24 How Does a Distributed System With a Registry Discover Services

24 How Does a Distributed System with a Registry Discover Services #

Hello, I’m Tang Yang.

In the previous lesson, I introduced some key points in implementing an RPC framework. With an RPC framework, you can solve the problem of cross-network communication between services, which forms the foundation for microservice transformation.

However, after service decomposition, you need to maintain a larger number of fine-grained services. The first problem you need to address is how to make the RPC client aware of the address where the server is deployed. This is what we are going to talk about today - the problem of service registration and discovery.

Service Discovery #

Service registration and discovery is not a new concept, and you must have encountered it in previous projects, although you may not have paid much attention to it. For example, if you know that Nginx is a reverse proxy component, then Nginx needs to know the address of the application server in order to route traffic to the application server. This is the process of service discovery.

So how does Nginx achieve this? It configures the addresses of the application servers in a file.

This is indeed one way to solve the problem. In fact, I did the same thing in earlier projects. At that time, when the project was first split into services, the RPC server addresses were configured in the client code. However, this approach led to several problems:

First, when there is an urgent need to scale up, modifying the client configuration and restarting all client processes takes a long time.

Second, if a server fails, modifying all client configurations and restarting them is not efficient, and automatic recovery is not possible.

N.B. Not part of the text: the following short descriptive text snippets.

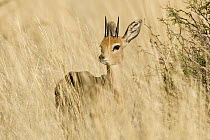 Steenbok (Raphicerus campestris) male in dry, yellow grass, Kgalagadi Transfrontier Park, Botswana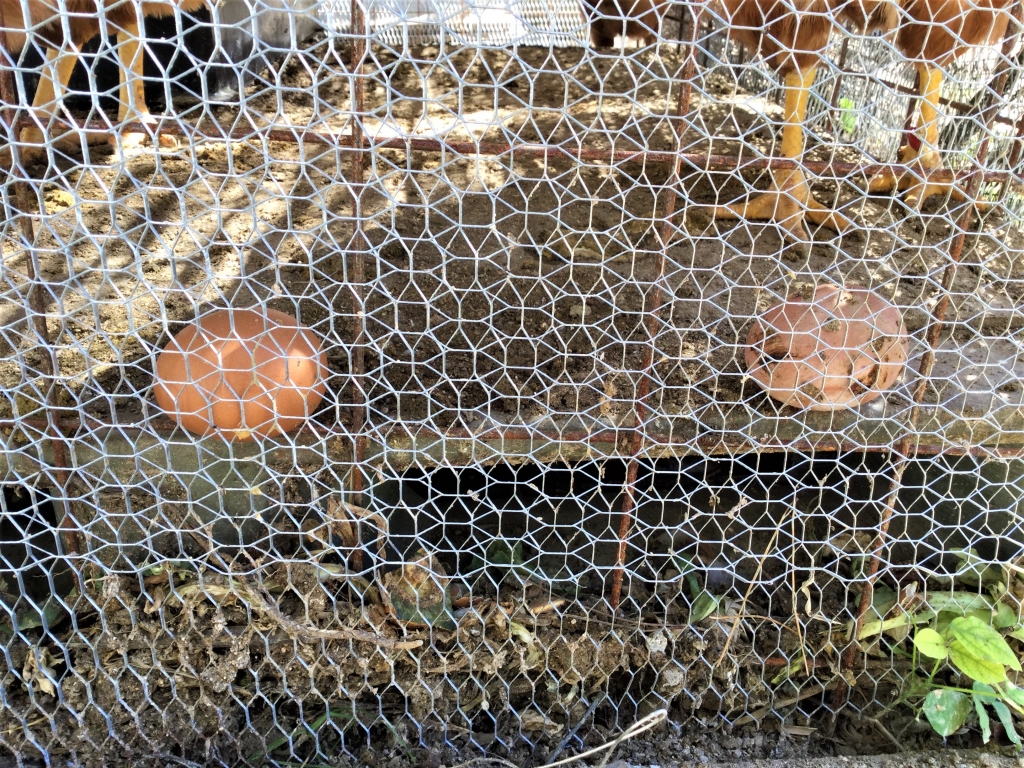 鶏小屋 DIY 秋海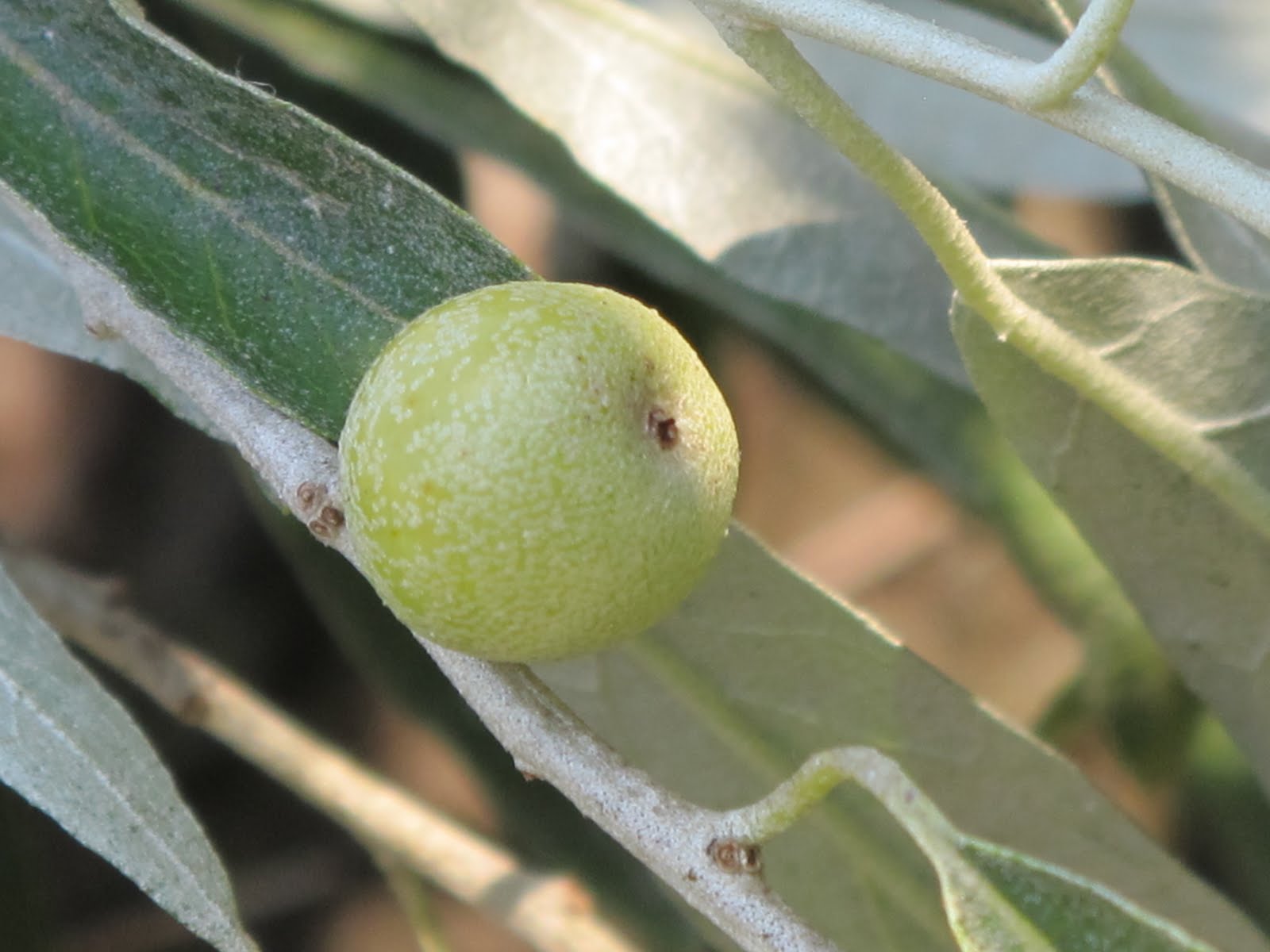 SHAHRZAD VOUS RACONTE...LA VIE: Russian Olive Tree-derakhte senjed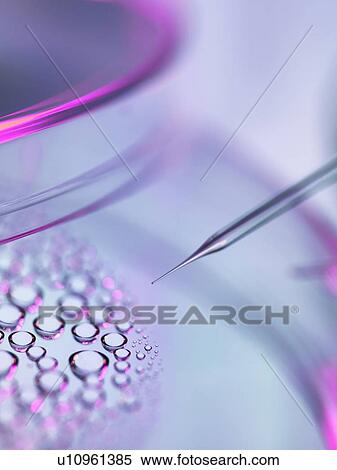 Stem Cell Research View Large Illustration Stock Illustration - Stem Cell Research. Fotosearch
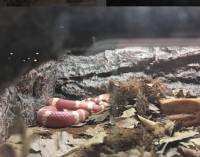 Pink snake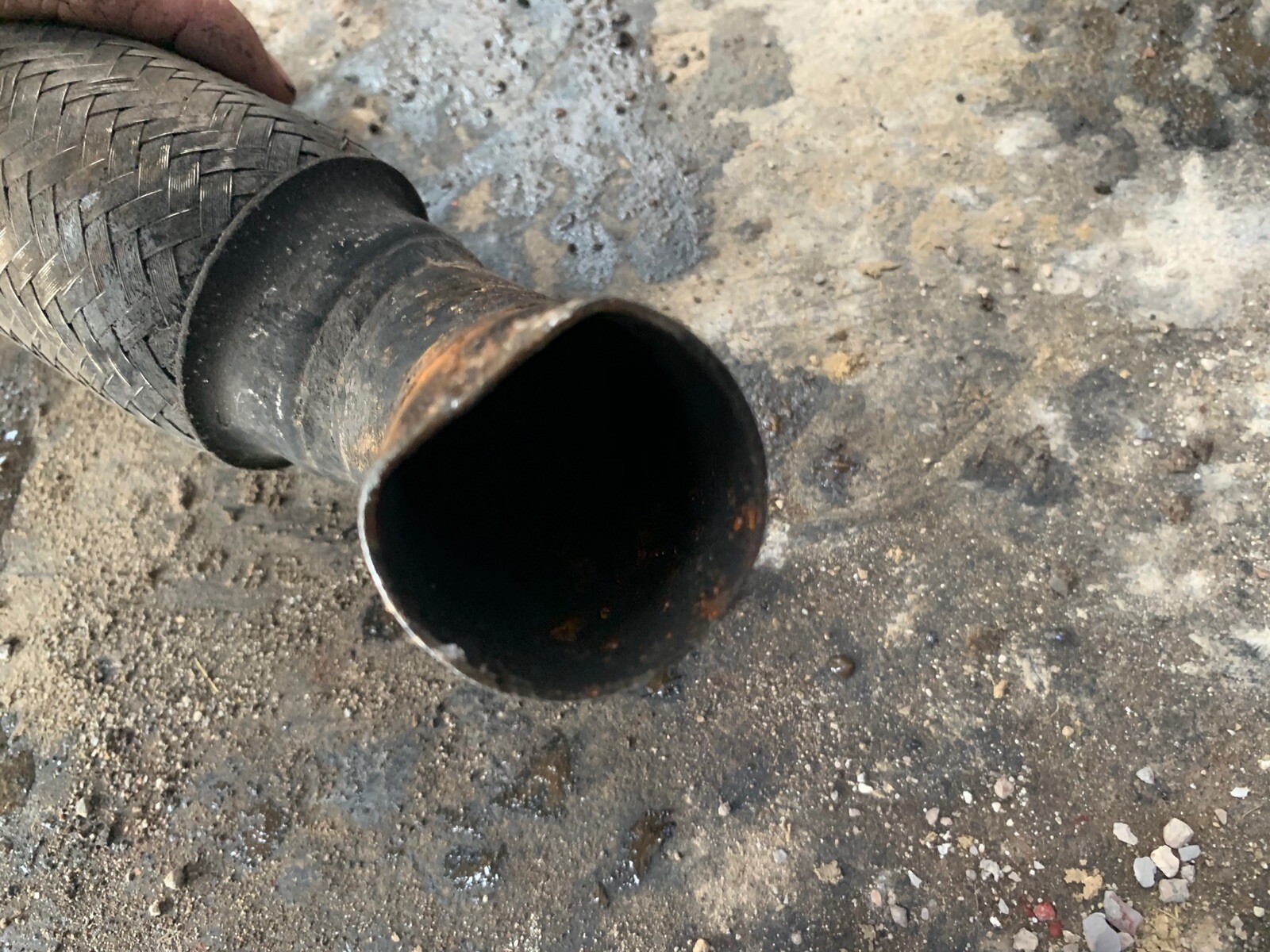 Picture 5 of 5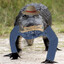 Aleejator's avatar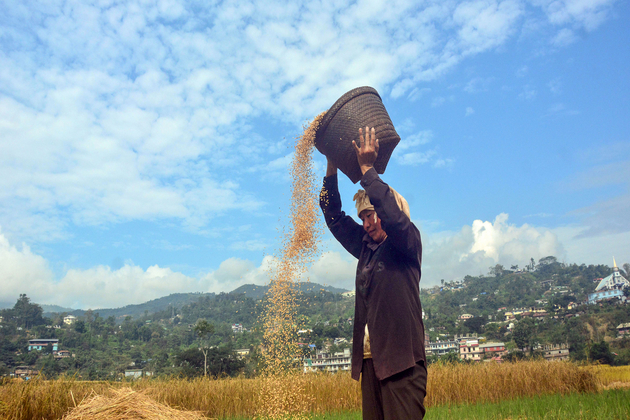 APEDA facilitates first export of fortified rice kernel from Chhattisgarh to Costa Rica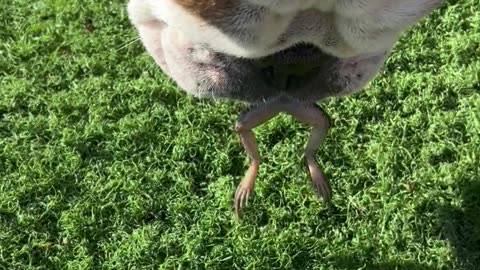 Bulldog doesn't Want to Give Up Frog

Finally, it is not possible to proactively redirect traffic away from a newly deployed RPC server. As a result, when restarting the server, the client may send requests to the restarted server before it has a chance to respond, resulting in slow or failed requests.

Therefore, we consider using a service registry to solve these problems.

There are many service registry components available in the industry, such as the classic ZooKeeper, ETCD used by Kubernetes, Alibaba’s Nacos for microservices, and Spring Cloud’s Eureka, among others.

These service registries have two basic functions:

First, they provide a storage for service addresses.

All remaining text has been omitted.